On February 9 Gail has served a disconnection notice to IPCL for not paying marketing margins on gas supplied.
IPCL has time till early March to sign the revised gas agreement with Gail and has written to the Petroleum Ministry asking it to intervene, and there are reports that Gail might find it difficult to carry out its threat.
Gail has sent a gas supply disconnection notice to Reliance-owned IPCL. Gail says that IPCL has not signed the revised Gas Sales Agreement with Gail after the Government's pricing order, which came into effect from July 2005.
Inspite of the continuous efforts by Gail during the last several months, Gail says, IPCL has not come forward to sign the agreement on the same terms and conditions as agreed by other customers.
Gail is demanding the inclusion of marketing costs at Rs 222 per 1000 scm of gas.

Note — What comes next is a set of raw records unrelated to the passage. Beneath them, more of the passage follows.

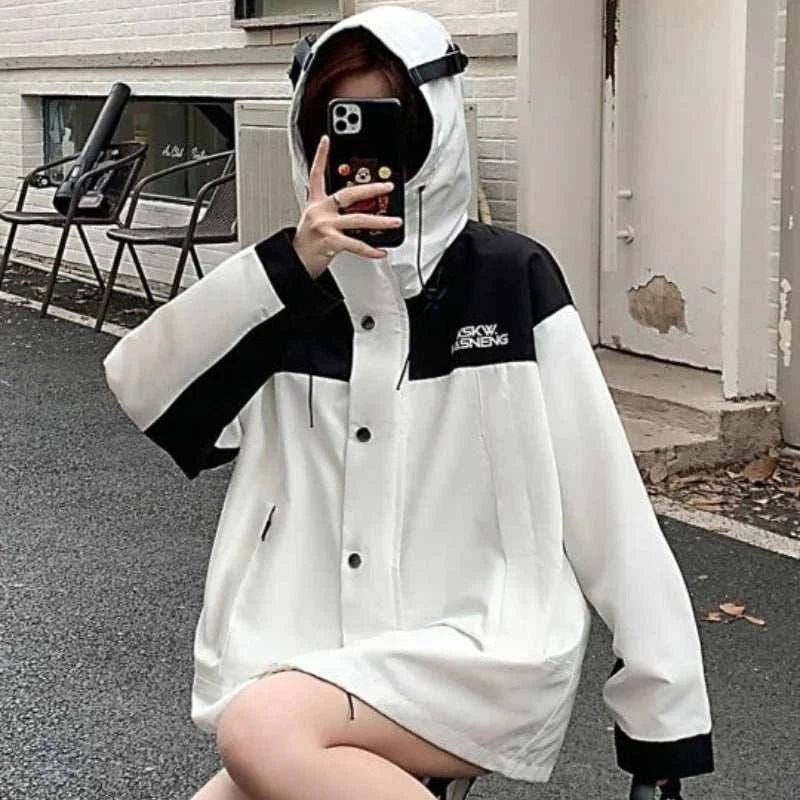 Retro Spring Autumn Charging Clothes for Men and Women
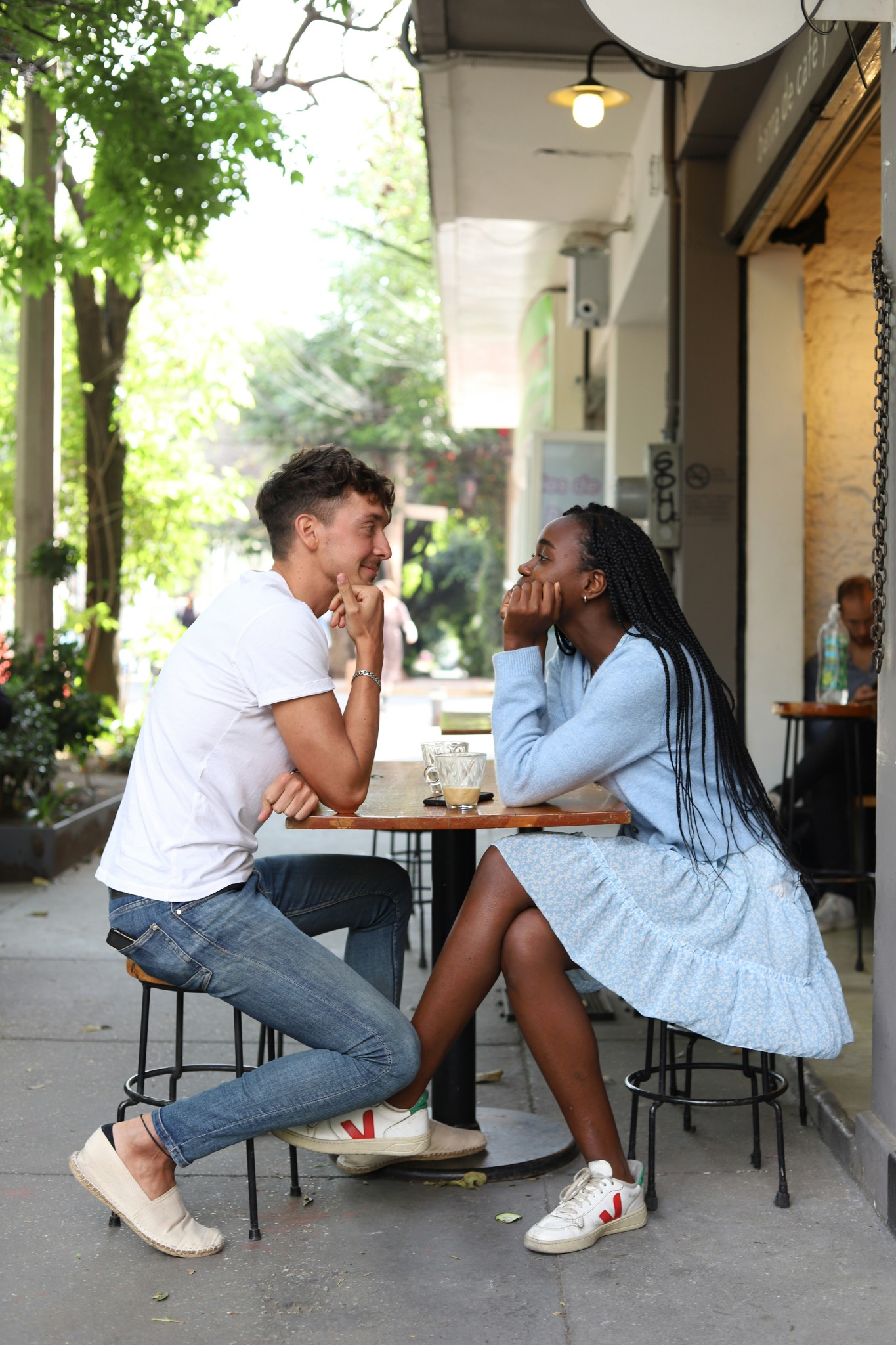 Hinge cafe conversation date scene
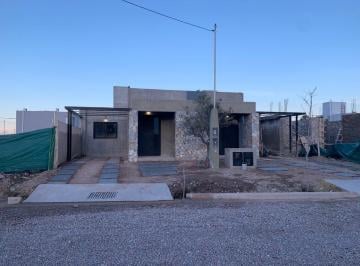 Casa · 82m² · 3 Ambientes · 1 Cochera · Viviendas PH en Russell
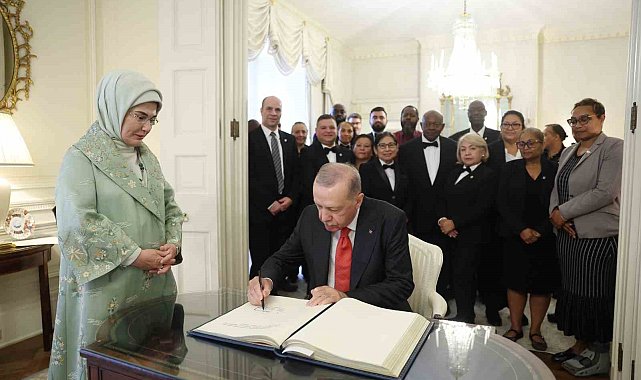 Cumhurbaşkanı Erdoğan, Blair House çalışanlarıyla hatıra fotoğrafı çektirdi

IPCL has protested this and in a letter written to the petroleum Ministry as well as Gail, IPCL says that there is no provision for payment of marketing charge over and above the market determined price subject to the present ceiling of $3.86/MMBTU and that pricing of natural gas under the APM as noted by the Ministry of Petroleum and Natural Gas's letter dated June 20, 2005 is currently valid upto March 31, 2006.
IPCL also says that it had asked Gail for a mandate from the Government to include marketing charges for supply of natural gas, which Gail was not able to furnish. IPCL has also asked the Ministry to intervene to a any unilateral action by Gail.
Gail supplies 1.03 mmscmd of gas per day to all four units of IPCL. The company says that IPCL has sought time till early March after which Gail would disconnect gas supply to IPCL.
In an internal note the oil ministry has said that the gas pricing order does not provide for any marketing margin over and and above the transportation tariff being realised by Gail.
The Tariff Commission has concluded that the transportation rates being charged by Gail are much higher than the reasonable rates to provide Gail a post tax return of 12 per cent on its investments.
The Ministry has also noted that APM gas is allocated to the consumers by the government and that Gail has been performing the function of a transporter.
The activities of transportation and marketing are not separate as such, and that Gail is performing these functions as a bundled activity.
But it still remains to be seen whether the Petroleum Ministry will prevail upon Gail to stop it from disconnecting gas supply to IPCL.